Caffeine (CFN) with chemical formula C8H10N4O2 is an alkaloid appertaining to the methylxanthine group naturally available in foods including tea, coffee, kola nuts and cacao beans. In humans, caffeine acts not only as a central nervous system provocative but also as a natural pesticide for the plant (Pavel et al. 2003). Caffeine is liberated in the aquatic environment and has been found in surface water, ground water and also in wastewater effluents in large concentration (∼10 g L−1) (Glassmeyer et al. 2005). Because caffeine is difficult to metabolize and is commonly found in ground water and surface water, it has been proposed as a chemical indicator of environmental pollution. For instance, zebra fish embryos could not survive when the dose of caffeine in water was greater than 300 mg L−1 (Chen et al. 2008). Literature also indicated that this substance is toxic to most of the aquatic environment (Pollack et al. 2009). Caffeine can damage soil fertility, cause barriers to seed germination and lowers growth of seedlings (Pollack et al. 2009).
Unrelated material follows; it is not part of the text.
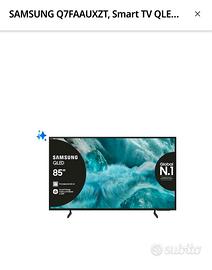 TV SAMSUNG 85 POLLICI QE85Q7FAAUXZT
Thus, elimination of excess caffeine from different water sources is necessary.

Different chemical and physical technologies have been employed for the elimination of this substance in water including coagulation/flocculation, ion exchange, oxidation/reduction, membrane separation, biological treatment and adsorption (Ma et al. 2012). Traditional procedures applied for caffeine elimination are either expensive or involve the utilization of toxic organic materials. However, as traditional wastewater treatment do not degrade caffeine, it is important to look for alternatives (Álvarez-Torrellas et al. 2016). Adsorption procedure is one of the best wastewater treatments due to the simplicity, ease of operation, high efficiency and can be utilized in small scale household units; thus, adsorption techniques are commonly applied. Adsorbents must have suitable characteristics including high adsorption capacity, surface area, selectivity, lifetime and capacity for regeneration (Arshadi et al. 2014).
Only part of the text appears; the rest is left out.